Democrats’ revolting equal-pay demagoguery
Article here. Excerpt:
'Here’s a radical notion: It is simultaneously possible to believe that women are entitled to equal pay and to not support the Paycheck Fairness Act.
Not that you’d know it from the rhetoric President Obama and fellow Democrat are happily flinging at Republicans who dare to oppose the measure.

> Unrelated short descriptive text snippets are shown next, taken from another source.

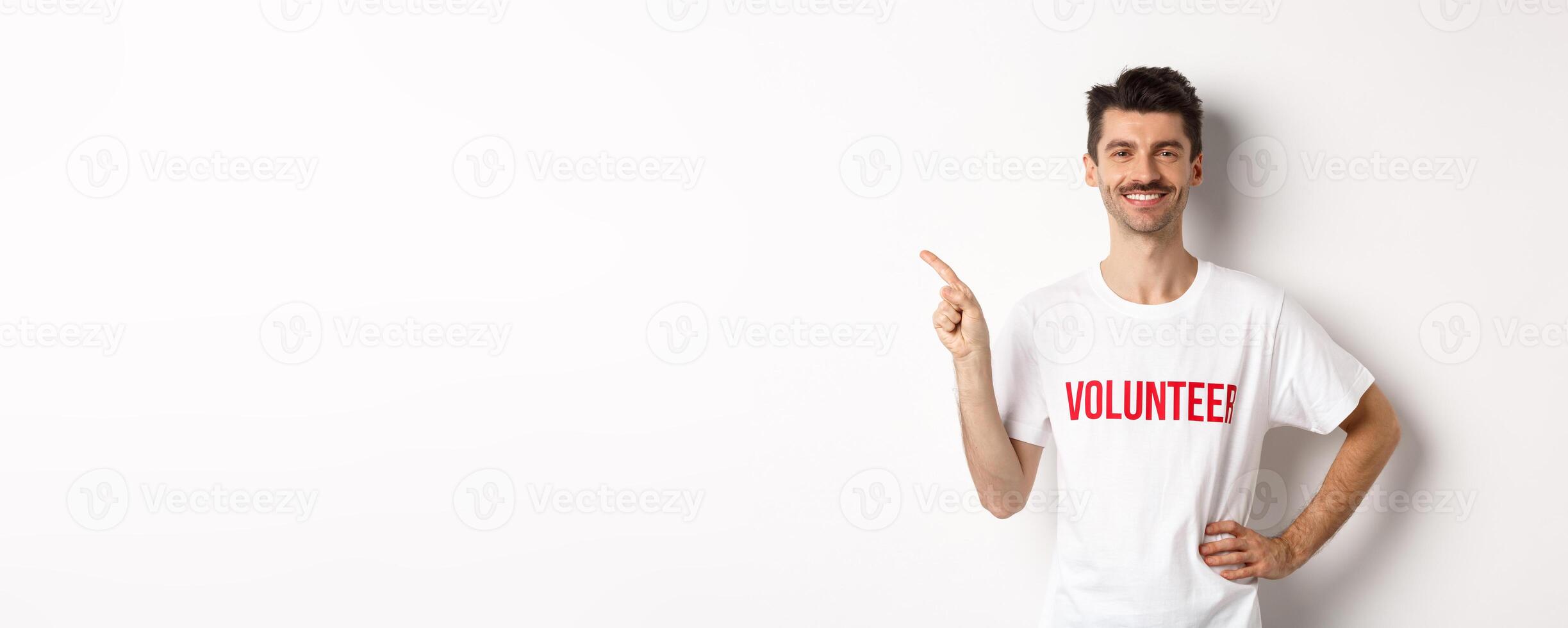 Handsome smiling volunteer in t-shirt pointing finger left, showing announcement, standing over white background photo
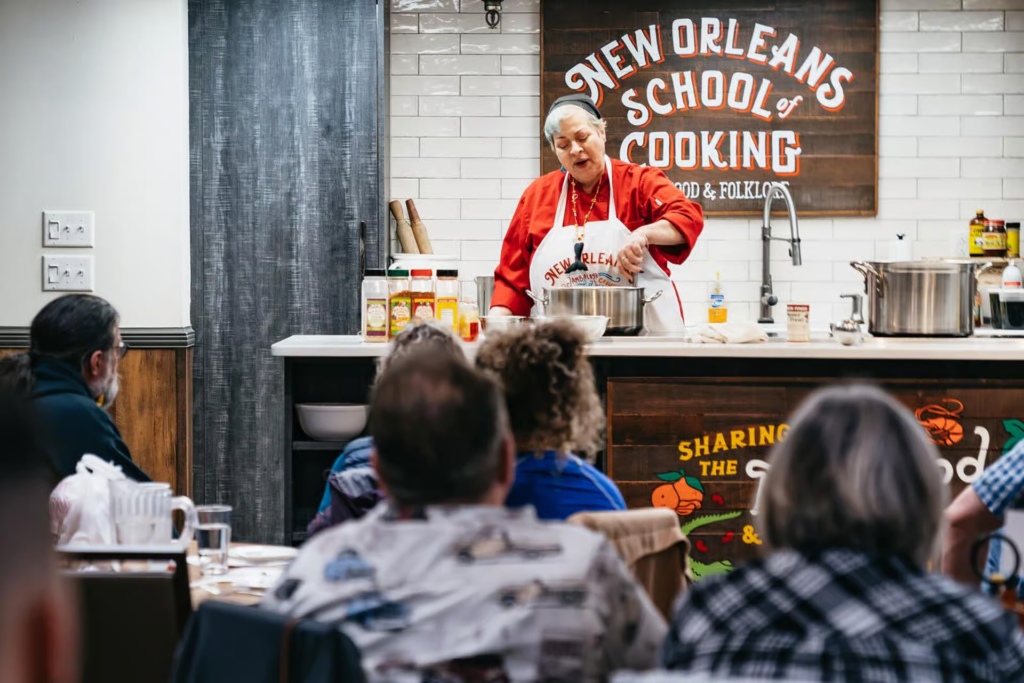 A chef demonstrating classic Creole cooking techniques during a cooking class New Orleans experience at a professional teaching kitchen.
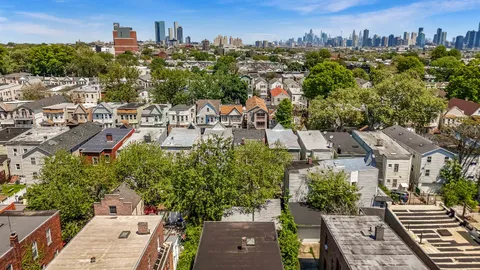 an aerial view of multiple houses with a yard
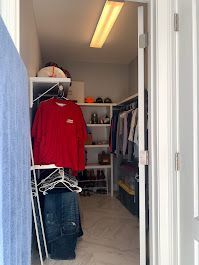 A walk in closet filled with clothes and shoes.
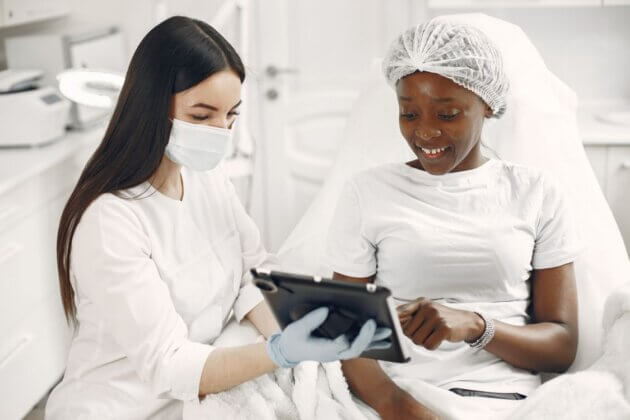 Dermatology clinician and patient reviewing a tablet.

“I don’t know why you would resist the idea that women should be paid the same as men and then deny that that’s not always happening out there,” Obama said Tuesday. “If Republicans in Congress… want to show that they do care about women being paid the same as men, then show me…They can join us, in this, the 21st century and vote yes on the Paycheck Fairness Act.”
...
Before you start checking the byline at the top of this piece and emailing the editor that there’s been a terrible mistake, let me be clear: I support ensuring that women receive equal pay for equal work — I have a bit of a vested stake in that issue myself. Unequal pay remains a problem, although not at the women-earn-77-cents-on-the-dollar level of Democrats’ sloganeering. Most relevantly, I’d vote for the Paycheck Fairness Act in the unlikely event that someone elected me to Congress.
But the level of hyperbole — actually, of demagoguery — that Democrats have engaged in here is revolting. It’s entirely understandable, of course: The Senate is up for grabs. Women account for a majority of voters. They tend to favor Democrats. To the extent that women — and in particular, single women — can be motivated to turn out in a midterm election, waving the bloody shirt of unequal pay is smart politics.
Fairness is another matter. Since President John F. Kennedy signed the Equal Pay Act in 1963, it has been illegal for employers to pay women less than men for the same work. Of course, that wasn’t the end of the legislative story. As the case of Lilly Ledbetter demonstrated, numerous tweaks and improvements to the law have been required along the way. Ledbetter, for example, was stymied by the fact that — in part because of company policy banning the sharing of salary information — she did not know she was being paid less than male counterparts; by the time she realized and filed suit, according to the Supreme Court, the statute of limitations was up. Congress fixed that situation for future plaintiffs, which seems like a matter of simple logic and equity.'
---
Ed. note: Wikipedia on Ruth Marcus here. No one can accuse her of party lockstep, anyway!